- Born: Dayton, Ohio
- Education: Washington University in St. Louis
- Occupations: American Fashion Designer; Photographer; Entrepreneur;
- Website: https://www.dymaxionfutures.com

= Scott Sternberg (designer) =

American fashion designer

Scott Sternberg is an American fashion designer, photographer and entrepreneur based in Los Angeles, California. Scott Sternberg was born and raised in Dayton, Ohio. He was the founder, Chairman, and Creative Director of the cult fashion brands Band of Outsiders and Entireworld, menswear and womenswear brands based in Los Angeles, CA.

==Education==

Sternberg attended Washington University in St. Louis, where he received a Bachelor of Science in Economics, Summa Cum Laude, Phi Beta Kappa, in 1997. He also studied photography.

==Early career==

Sternberg began his career in the film business in late 1997, working as an assistant in the motion picture talent department at Creative Artists Agency, where he eventually in 1999 became an agent in the company’s New Media and Marketing Division.

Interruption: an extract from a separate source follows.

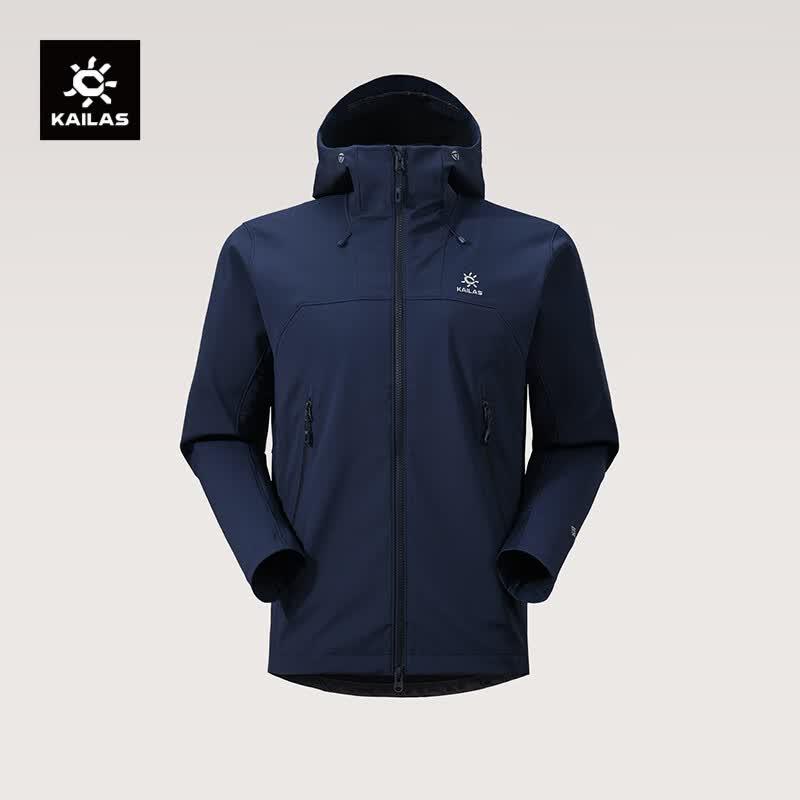 KAILAS M8 IC-MAX GTX 3L Softshell Hiking Jacket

In 2003, Sternberg left CAA to work with Tom Scott (co-founder and former co-CEO of Nantucket Nectars), Cary Woods (film producer), and Emily Scott (founder and former CEO of J.Crew) on a new consulting and media venture. His brief time working there, specifically with Emily Scott, piqued a long held interest in fashion, which led Sternberg to start Band of Outsiders later that year.

==Band of Outsiders==

Sternberg started Band of Outsiders in late 2003 as a line of men’s shirts and ties, which eventually grew to include womenswear and accessories. The brand sold in 225 doors worldwide, including Barneys New York, Bergdorf Goodman, Saks Fifth Avenue, United Arrows, Beams, and Colette. The line had been described as "recontextualized vintage-inspired looks with hand-sewn seams and shrunken proportions" that "look[s] toward the future by revisiting the past, wistfully but also with a mischievous, ironic wink." As for Sternberg's contribution, Business of Fashion once described it as follows: “So crystalline is Sternberg’s vision and his business acumen, one imagines that if he were to design a car or a building, not only would he likely pull it off, but it would be immediately recognizable as an entity in the Band brand.” Over the course of 11 years, Band of Outsiders collaborated with brands such as Sperry Top-Sider, Starbucks, Lego, Atari, and Target. On June 15, 2015, Sternberg announced he is leaving the brand via Instagram and that he cannot comment on the future of the brand as it is out of his hands, leaving "many people outside and inside the industry were shocked by the news."

== Entireworld ==
On March 27, 2018, Sternberg announced his new company Entireworld.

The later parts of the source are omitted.